Saved data entries:
********************
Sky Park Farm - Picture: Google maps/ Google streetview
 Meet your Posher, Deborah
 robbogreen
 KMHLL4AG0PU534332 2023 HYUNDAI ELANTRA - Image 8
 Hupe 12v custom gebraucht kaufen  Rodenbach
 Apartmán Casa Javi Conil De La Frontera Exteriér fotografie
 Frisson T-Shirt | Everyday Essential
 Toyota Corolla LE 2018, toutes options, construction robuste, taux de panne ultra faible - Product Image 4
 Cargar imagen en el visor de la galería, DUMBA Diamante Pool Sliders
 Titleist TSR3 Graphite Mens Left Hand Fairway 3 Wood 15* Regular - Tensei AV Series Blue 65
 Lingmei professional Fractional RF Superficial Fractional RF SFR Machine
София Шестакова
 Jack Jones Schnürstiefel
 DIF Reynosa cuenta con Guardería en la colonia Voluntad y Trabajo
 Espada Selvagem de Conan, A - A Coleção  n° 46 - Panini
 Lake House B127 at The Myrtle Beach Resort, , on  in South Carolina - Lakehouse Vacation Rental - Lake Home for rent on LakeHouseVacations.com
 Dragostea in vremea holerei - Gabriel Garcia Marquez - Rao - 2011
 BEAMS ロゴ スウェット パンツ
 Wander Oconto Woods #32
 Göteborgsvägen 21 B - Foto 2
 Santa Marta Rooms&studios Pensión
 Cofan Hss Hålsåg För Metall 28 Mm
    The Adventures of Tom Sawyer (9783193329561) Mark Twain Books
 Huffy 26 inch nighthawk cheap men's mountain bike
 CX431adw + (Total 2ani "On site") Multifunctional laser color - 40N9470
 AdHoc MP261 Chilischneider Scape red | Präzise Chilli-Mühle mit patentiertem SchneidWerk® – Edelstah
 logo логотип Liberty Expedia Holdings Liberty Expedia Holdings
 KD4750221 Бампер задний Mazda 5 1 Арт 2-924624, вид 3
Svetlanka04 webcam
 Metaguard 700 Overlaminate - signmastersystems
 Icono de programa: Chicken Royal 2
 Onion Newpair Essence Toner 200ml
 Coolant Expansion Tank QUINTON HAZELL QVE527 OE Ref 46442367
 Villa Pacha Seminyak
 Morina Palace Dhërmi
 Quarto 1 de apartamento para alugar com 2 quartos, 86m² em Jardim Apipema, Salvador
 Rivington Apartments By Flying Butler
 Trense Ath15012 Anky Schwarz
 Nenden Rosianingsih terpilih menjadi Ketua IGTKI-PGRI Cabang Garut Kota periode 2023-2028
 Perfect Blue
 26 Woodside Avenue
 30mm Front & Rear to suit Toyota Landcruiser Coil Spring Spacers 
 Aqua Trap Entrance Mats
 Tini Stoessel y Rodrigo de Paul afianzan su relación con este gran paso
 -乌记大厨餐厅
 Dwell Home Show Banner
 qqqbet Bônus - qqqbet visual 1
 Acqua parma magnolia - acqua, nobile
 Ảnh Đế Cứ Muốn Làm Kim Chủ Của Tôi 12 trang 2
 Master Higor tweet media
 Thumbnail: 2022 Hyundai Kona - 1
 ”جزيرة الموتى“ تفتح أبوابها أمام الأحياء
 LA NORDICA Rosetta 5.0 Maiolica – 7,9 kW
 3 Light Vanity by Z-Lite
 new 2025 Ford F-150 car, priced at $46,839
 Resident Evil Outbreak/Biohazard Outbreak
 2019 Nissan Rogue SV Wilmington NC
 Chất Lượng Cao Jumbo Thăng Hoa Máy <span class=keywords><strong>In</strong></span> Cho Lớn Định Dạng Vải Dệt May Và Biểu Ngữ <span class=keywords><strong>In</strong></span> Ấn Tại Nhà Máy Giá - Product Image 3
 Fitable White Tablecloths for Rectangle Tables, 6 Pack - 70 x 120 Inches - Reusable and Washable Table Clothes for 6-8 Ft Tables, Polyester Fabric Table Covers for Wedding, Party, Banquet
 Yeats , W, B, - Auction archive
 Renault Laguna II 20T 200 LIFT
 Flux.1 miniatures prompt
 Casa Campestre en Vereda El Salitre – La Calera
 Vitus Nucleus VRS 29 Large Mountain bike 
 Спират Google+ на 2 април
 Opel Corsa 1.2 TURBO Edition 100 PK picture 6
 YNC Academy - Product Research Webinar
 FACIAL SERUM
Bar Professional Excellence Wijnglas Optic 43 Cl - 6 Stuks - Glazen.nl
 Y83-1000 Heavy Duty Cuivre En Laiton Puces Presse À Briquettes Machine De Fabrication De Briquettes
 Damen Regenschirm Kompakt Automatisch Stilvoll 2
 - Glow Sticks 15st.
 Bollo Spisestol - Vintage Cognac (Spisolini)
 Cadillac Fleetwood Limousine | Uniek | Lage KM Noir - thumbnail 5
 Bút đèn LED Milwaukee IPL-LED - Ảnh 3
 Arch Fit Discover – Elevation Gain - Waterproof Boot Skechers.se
********************
Please transcribe all of the entries precisely.

■ THE COMPLETED TASK:
Sky Park Farm - Picture: Google maps/ Google streetview
 Meet your Posher, Deborah
 robbogreen
 KMHLL4AG0PU534332 2023 HYUNDAI ELANTRA - Image 8
 Hupe 12v custom gebraucht kaufen  Rodenbach
 Apartmán Casa Javi Conil De La Frontera Exteriér fotografie
 Frisson T-Shirt | Everyday Essential
 Toyota Corolla LE 2018, toutes options, construction robuste, taux de panne ultra faible - Product Image 4
 Cargar imagen en el visor de la galería, DUMBA Diamante Pool Sliders
 Titleist TSR3 Graphite Mens Left Hand Fairway 3 Wood 15* Regular - Tensei AV Series Blue 65
 Lingmei professional Fractional RF Superficial Fractional RF SFR Machine
София Шестакова
 Jack Jones Schnürstiefel
 DIF Reynosa cuenta con Guardería en la colonia Voluntad y Trabajo
 Espada Selvagem de Conan, A - A Coleção  n° 46 - Panini
 Lake House B127 at The Myrtle Beach Resort, , on  in South Carolina - Lakehouse Vacation Rental - Lake Home for rent on LakeHouseVacations.com
 Dragostea in vremea holerei - Gabriel Garcia Marquez - Rao - 2011
 BEAMS ロゴ スウェット パンツ
 Wander Oconto Woods #32
 Göteborgsvägen 21 B - Foto 2
 Santa Marta Rooms&studios Pensión
 Cofan Hss Hålsåg För Metall 28 Mm
    The Adventures of Tom Sawyer (9783193329561) Mark Twain Books
 Huffy 26 inch nighthawk cheap men's mountain bike
 CX431adw + (Total 2ani "On site") Multifunctional laser color - 40N9470
 AdHoc MP261 Chilischneider Scape red | Präzise Chilli-Mühle mit patentiertem SchneidWerk® – Edelstah
 logo логотип Liberty Expedia Holdings Liberty Expedia Holdings
 KD4750221 Бампер задний Mazda 5 1 Арт 2-924624, вид 3
Svetlanka04 webcam
 Metaguard 700 Overlaminate - signmastersystems
 Icono de programa: Chicken Royal 2
 Onion Newpair Essence Toner 200ml
 Coolant Expansion Tank QUINTON HAZELL QVE527 OE Ref 46442367
 Villa Pacha Seminyak
 Morina Palace Dhërmi
 Quarto 1 de apartamento para alugar com 2 quartos, 86m² em Jardim Apipema, Salvador
 Rivington Apartments By Flying Butler
 Trense Ath15012 Anky Schwarz
 Nenden Rosianingsih terpilih menjadi Ketua IGTKI-PGRI Cabang Garut Kota periode 2023-2028
 Perfect Blue
 26 Woodside Avenue
 30mm Front & Rear to suit Toyota Landcruiser Coil Spring Spacers 
 Aqua Trap Entrance Mats
 Tini Stoessel y Rodrigo de Paul afianzan su relación con este gran paso
 -乌记大厨餐厅
 Dwell Home Show Banner
 qqqbet Bônus - qqqbet visual 1
 Acqua parma magnolia - acqua, nobile
 Ảnh Đế Cứ Muốn Làm Kim Chủ Của Tôi 12 trang 2
 Master Higor tweet media
 Thumbnail: 2022 Hyundai Kona - 1
 ”جزيرة الموتى“ تفتح أبوابها أمام الأحياء
 LA NORDICA Rosetta 5.0 Maiolica – 7,9 kW
 3 Light Vanity by Z-Lite
 new 2025 Ford F-150 car, priced at $46,839
 Resident Evil Outbreak/Biohazard Outbreak
 2019 Nissan Rogue SV Wilmington NC
 Chất Lượng Cao Jumbo Thăng Hoa Máy <span class=keywords><strong>In</strong></span> Cho Lớn Định Dạng Vải Dệt May Và Biểu Ngữ <span class=keywords><strong>In</strong></span> Ấn Tại Nhà Máy Giá - Product Image 3
 Fitable White Tablecloths for Rectangle Tables, 6 Pack - 70 x 120 Inches - Reusable and Washable Table Clothes for 6-8 Ft Tables, Polyester Fabric Table Covers for Wedding, Party, Banquet
 Yeats , W, B, - Auction archive
 Renault Laguna II 20T 200 LIFT
 Flux.1 miniatures prompt
 Casa Campestre en Vereda El Salitre – La Calera
 Vitus Nucleus VRS 29 Large Mountain bike 
 Спират Google+ на 2 април
 Opel Corsa 1.2 TURBO Edition 100 PK picture 6
 YNC Academy - Product Research Webinar
 FACIAL SERUM
Bar Professional Excellence Wijnglas Optic 43 Cl - 6 Stuks - Glazen.nl
 Y83-1000 Heavy Duty Cuivre En Laiton Puces Presse À Briquettes Machine De Fabrication De Briquettes
 Damen Regenschirm Kompakt Automatisch Stilvoll 2
 - Glow Sticks 15st.
 Bollo Spisestol - Vintage Cognac (Spisolini)
 Cadillac Fleetwood Limousine | Uniek | Lage KM Noir - thumbnail 5
 Bút đèn LED Milwaukee IPL-LED - Ảnh 3
 Arch Fit Discover – Elevation Gain - Waterproof Boot Skechers.se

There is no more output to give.